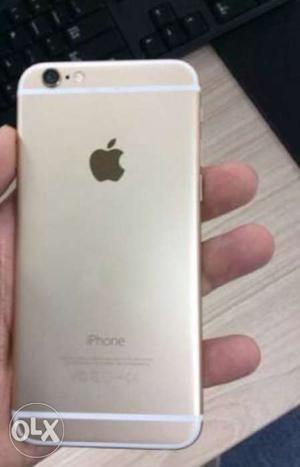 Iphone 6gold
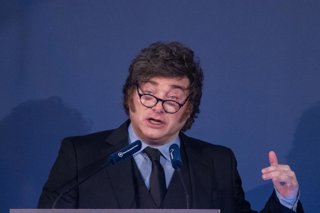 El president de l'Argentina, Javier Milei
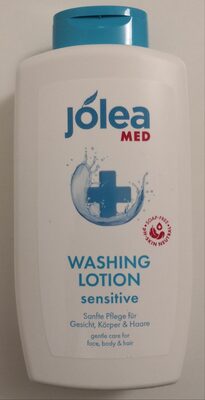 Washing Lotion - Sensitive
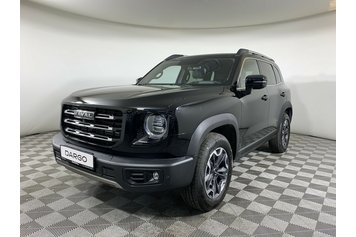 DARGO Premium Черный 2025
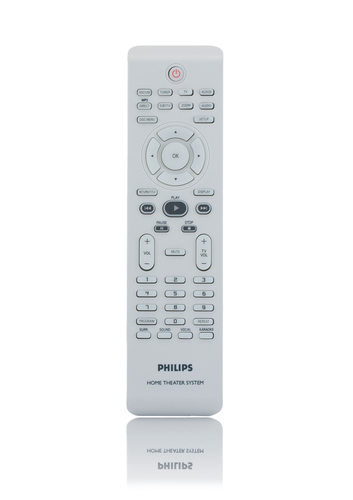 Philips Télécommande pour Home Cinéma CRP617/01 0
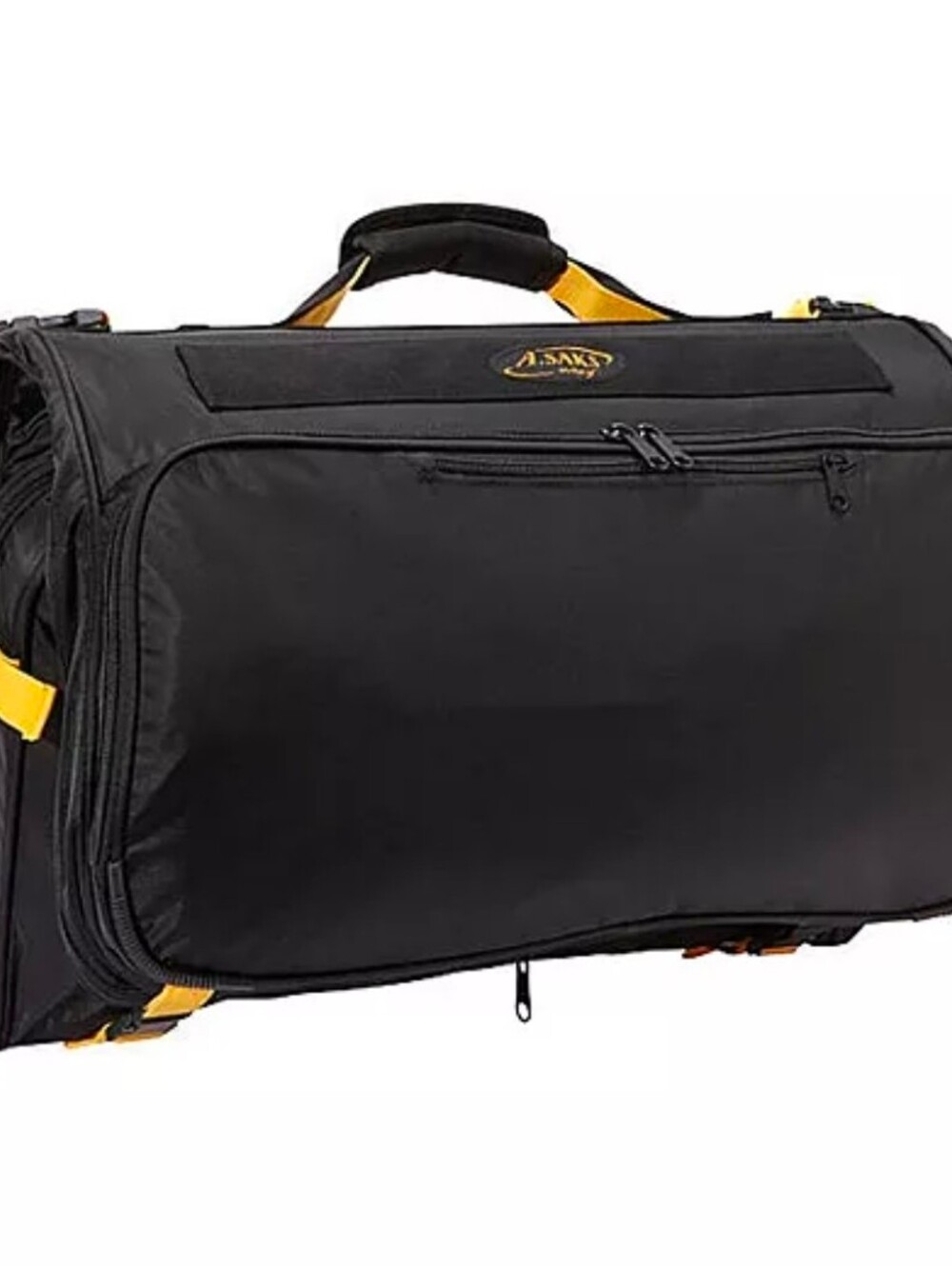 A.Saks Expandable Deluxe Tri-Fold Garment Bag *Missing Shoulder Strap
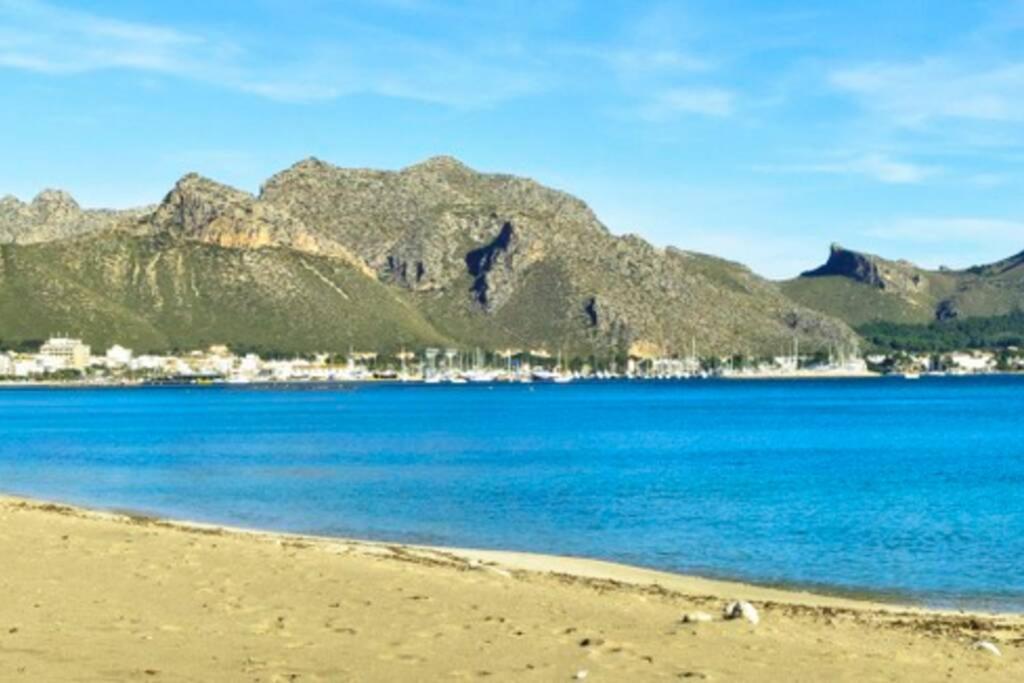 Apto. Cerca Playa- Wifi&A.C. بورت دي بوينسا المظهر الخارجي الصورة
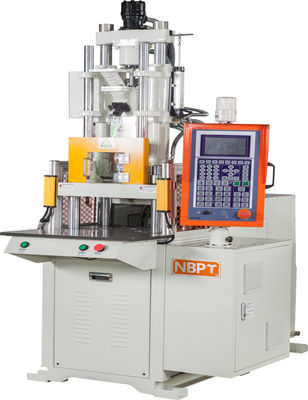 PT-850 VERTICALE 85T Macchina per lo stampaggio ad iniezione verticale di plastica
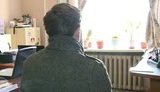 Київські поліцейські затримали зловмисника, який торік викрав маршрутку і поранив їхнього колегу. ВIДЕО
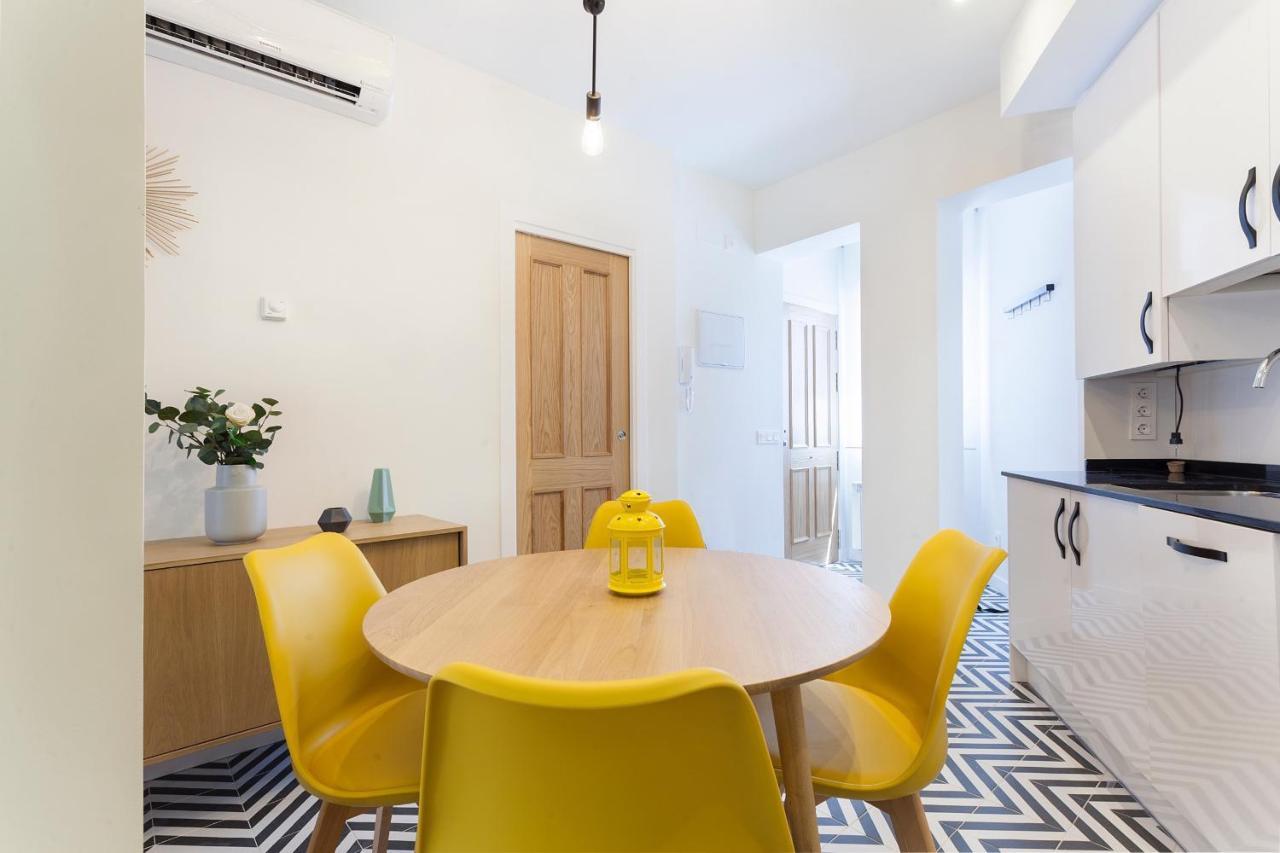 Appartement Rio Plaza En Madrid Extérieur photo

---

=== Assignment ===
Repeat the data exactly, excluding the pictures.

=== Answer to this task ===
 Iphone 6gold
 El president de l'Argentina, Javier Milei
 Washing Lotion - Sensitive
 DARGO Premium Черный 2025
 Philips Télécommande pour Home Cinéma CRP617/01 0
 A.Saks Expandable Deluxe Tri-Fold Garment Bag *Missing Shoulder Strap
 Apto. Cerca Playa- Wifi&A.C. بورت دي بوينسا المظهر الخارجي الصورة
 PT-850 VERTICALE 85T Macchina per lo stampaggio ad iniezione verticale di plastica
 Київські поліцейські затримали зловмисника, який торік викрав маршрутку і поранив їхнього колегу. ВIДЕО
 Appartement Rio Plaza En Madrid Extérieur photo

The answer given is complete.